This past weekend in ten minutes:

-The LA AIDS Walk was on Sunday and it was like an Ingrid Michaelson song: The beauty of it and the root cause can't be correctly identified nor described. There were over 30, ooo people. I saw people from all walks of life.  There were groups of people, many were holding banners or wearing t-shirts that said things like "In memory of..." or "Team so and so". Andrew and I were so exhausted but because CBS had a team we knew we couldn't leave, as Andrew put it "The last thing we need is for Chad to fire us because we bounced early and the CBS team didn't see us." The CBS team eventually passed by, Andrew and I made signs that said "Go Team CBS" and we hung them from the JACK tent. The team came by in Blue shirts and when they saw Andrew and I they went insane. It was amazing. A woman on the team came up to me and she handed me two shirts, the same blue shirts that they were wearing. For the first time in a long time I was proud of the company I worked for and for the first time in a long time I felt like I belonged to JACK again. 

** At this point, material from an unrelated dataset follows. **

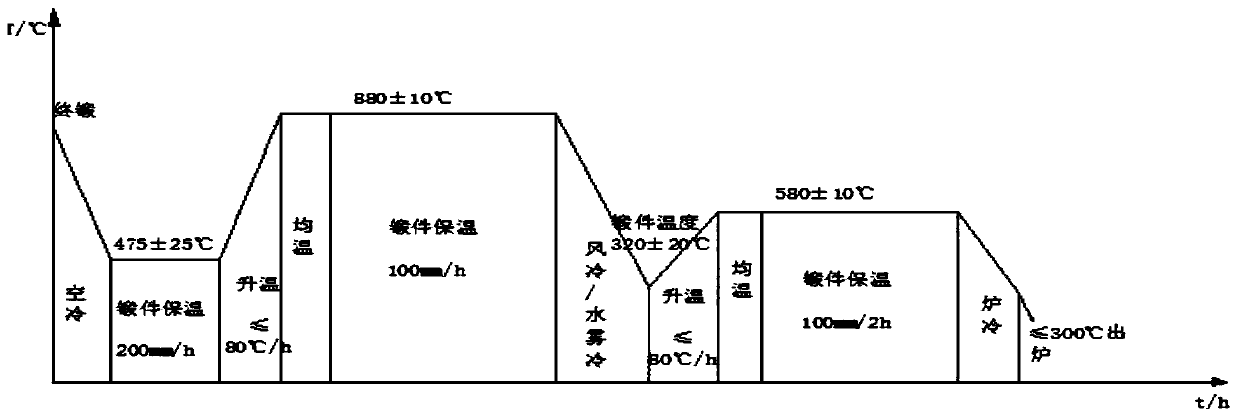 Motor shaft forging normalizing and tempering process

-I was looking through one of the cameras at work and I came across some pictures of the Bustache. The pictures showed some damage to the bus. Being the nosy person that I am I called Angie who had the Bustache out on an event earlier that day. She said that Alan was driving the bus through a park and in maneuvering it through trees the side mirror hit a low branch. Two days prior Alan was in a work vehicle and was hit by a fire truck making it his second accident. Angie then told me that Alan said, "This must be my Yecenia week". I thought that was fucking hilarious because about a month ago I had two "mishaps" with some work vehicles in a matter of one week. I sent Alan a text and I told him not to worry, from experience things would be okay. He sent me back this... "cool thanks. i'm glad I had someone like you to help me get through my yecenia week" I thought about who helped me through my yecenia week and only one though came into my mind... Sarah sitting on a sidewalk for three hours waiting with me for the Bustache to get towed. 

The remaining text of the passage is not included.